На угрозы старосты Даньке было глубочайшим образом наплевать, а вот плётка в его руке решительно не понравилась. Но сдаваться он не собирался. Если уж притворился безумцем, надо отыгрывать образ как следует.
— Будешь говорить?
Плётка свистнула ожегши спину.
— О-уы!
— Второй раз спрашиваю, как тебя зовут?
— Ваша степенство, — вмешался Митяй, — вона у него на портах дёгтем имя намазано. Никак, Данила.
— Жирно ему будет, Данилой зваться. Данька-дурачок, ещё куда ни шло, а Данилами такие не бывают.
Данька из-под прикрытых глаз оглядел старосту. Может, надоело ему душегубствовать, дурью маяться, плёткой помахивать. Как же, надоест ему… Он и податных крестьян за малейшую провинность порет, а тут человек безответный, такого драть одно удовольствие. И попробуй только скажи что-то членораздельное, тут уж живым не отпустит. Вот и остаётся притворяться бессловесным дурачком.
— Звать тебя как, негодяй?
— Ы…
— Что делать умеешь, ремеслу какому обучен?
— Ы… О-уы!
— Что, горячо? А вот ещё!
— Ав!.. ав!
— Митяй, что за дела? Убери собаку!
Данька осторожно скосил глаза. Не было возле конюшни, где проходила экзекуция, никакой собаки, все псы понимали, что под горячую руку и им может достаться арапником, и разбежались куда подальше.
— Ав! — ав!
— Собаку убери!
Митяй не торопился исполнять приказание, поскольку старосту облаивала вовсе не псина, а деревенская дура Алёна-уродка.
Девицы этой Данька допрежь не видывал, но была у него тайная особенность, помогавшая понимать людей. Достаточно одного взгляда, чтобы понять, что за человек перед ним. Как зовут незнакомца или незнакомку, о чём его мечты и желания, и, вообще, что можно ждать от такой встречи.

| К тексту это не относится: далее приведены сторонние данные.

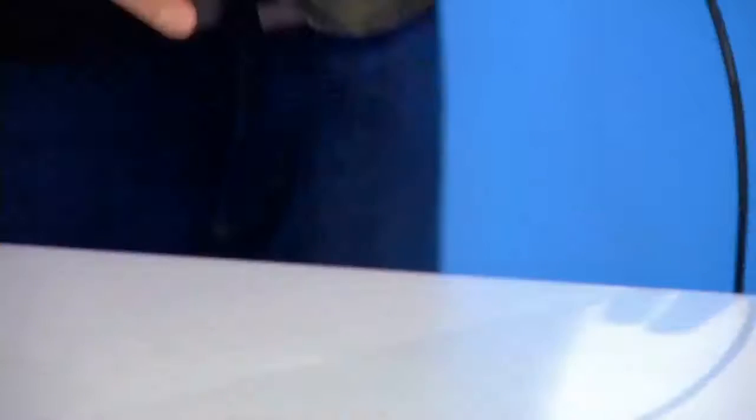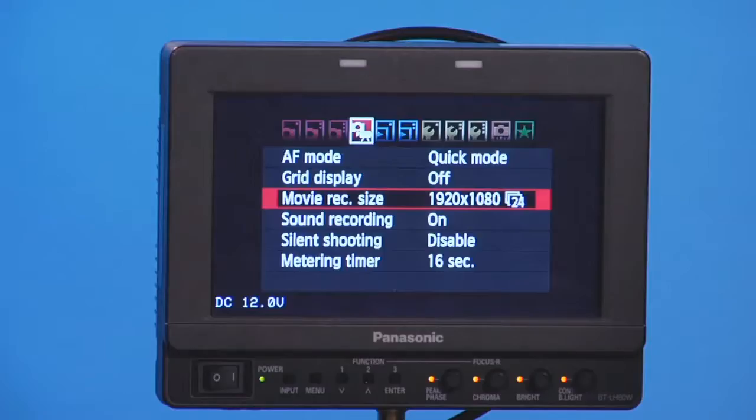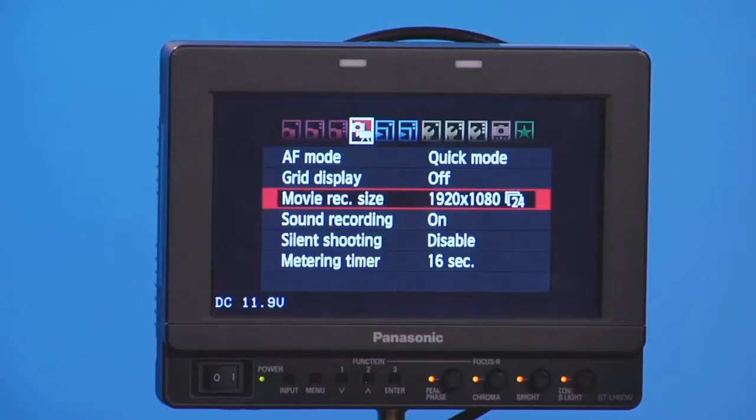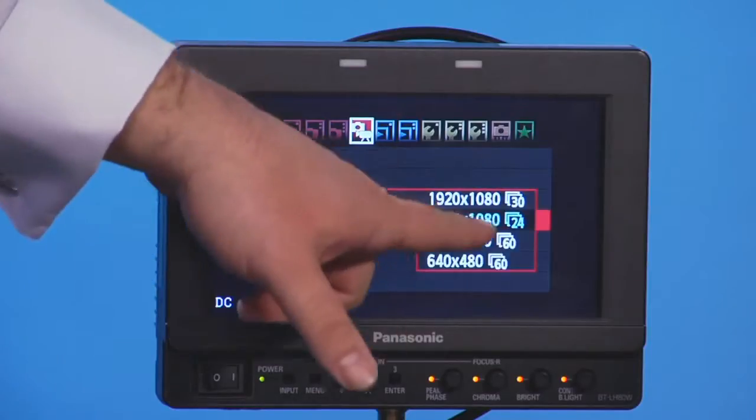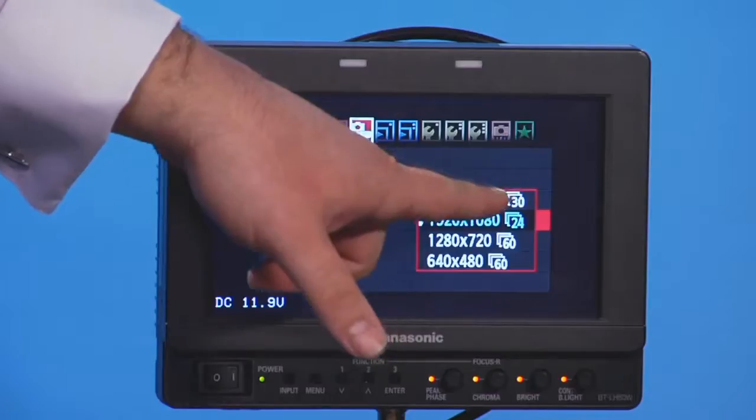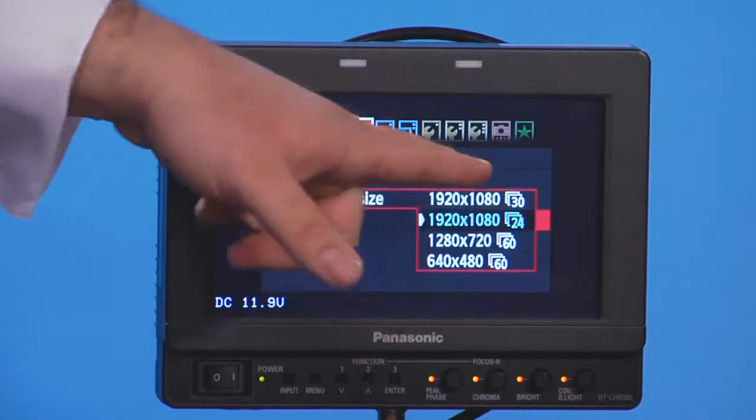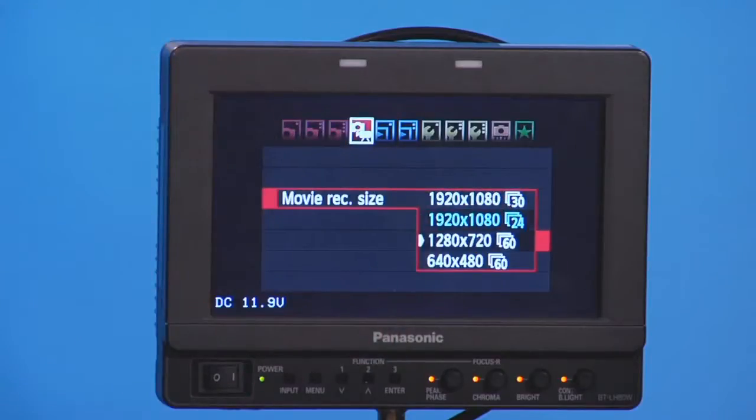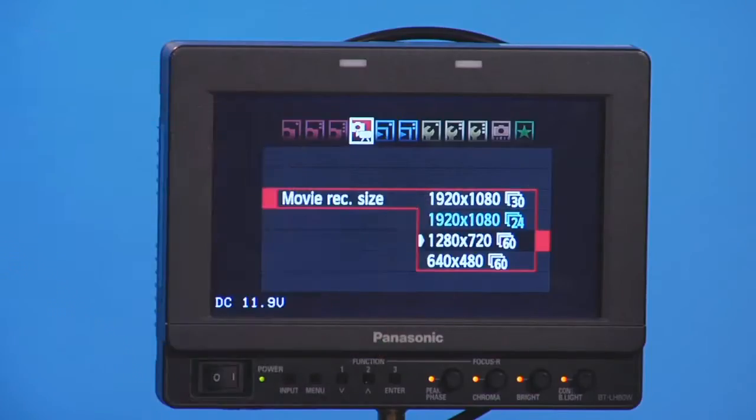Besides the aesthetic considerations — shooting 30 for broadcast or reality television, 24 for film — you can also pull off special effects depending on which frame rate you choose. For example, here on my Canon 7D, going into one of the menu pages, you can choose a different frame size and next to each one you can choose the frame rate: 30, 24, keeping in mind these are actual fractional frame rates. Going down to 720, it says 60 frames per second.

Разумеется, не все люди были так прозрачны. В иного смотришь, как в тёмную прорубь — что там на душе творится, да и есть ли та душа? Но в данном случае, всё было ясней ясного. Гавкавшая уродка была отлично известна всему селу, кроме, может быть, Данилы, который только что появился здесь и был тут же схвачен. Она бегала по улицам, на всякий спрос отвечая неизменным «Ы», так что можно было подумать, что свой отклик Данька нечувствительно позаимствовал у незнакомой уродки. Алёна подолгу сидела на паперти, и, хотя она ничего не просила, прихожанки приносили ей хлебца, а в двунадесятые праздники и корочку пирога. Копеечек Алёне не подавали, денег уродка не понимала, и монетки, буде они доставались ей, оставляла на церковных ступенях.
Изредка Алёна заходила к обеду в какой-нибудь дом. Богатые избы обходила стороной, совсем бедные — тоже, что их объедать, нищих. Выбирала дома со средним достатком.
В добрых семьях люди едят из общей миски, но для уродинки держали особую, поганую миску, как для собаки. Ничего поганого в этой миске не было, но так уж считалось: миска для Алёнки-уродки, и никто больше из неё не ест.
Хотя миска называлась поганой, но кормили юродивую щедро: щей зачёрпывали со дна, и каши накладывали вволю. Считалось, что если накормишь уродинку досыта, то прибудет тебе удачи.
Собой Алёна была страшна, как смертный грех. Насмешница Фроська о такой говаривала: «Смертный грех не так и страшен, если по уму подходить. Сначала нагрешишь в своё удовольствие, потом лишний пяток земных поклонов отобьёшь, так на так и выйдет».
Видок у Алёны был только лошадей пугать. Маленькие глазки под нависшими бровями, низкий лоб, толстые выпяченные губы. Короче, краса неописуемая.
Это существо, привлечённое свистом плётки, заскочило на конюшенный двор и принялось облаивать старосту.
— Убери суку! — ревел заплечных дел мастер, в очередной раз замахиваясь плетью.
Митяй не торопился исполнять приказание. Уж он-то знал, что юродивую девку обижать не следует.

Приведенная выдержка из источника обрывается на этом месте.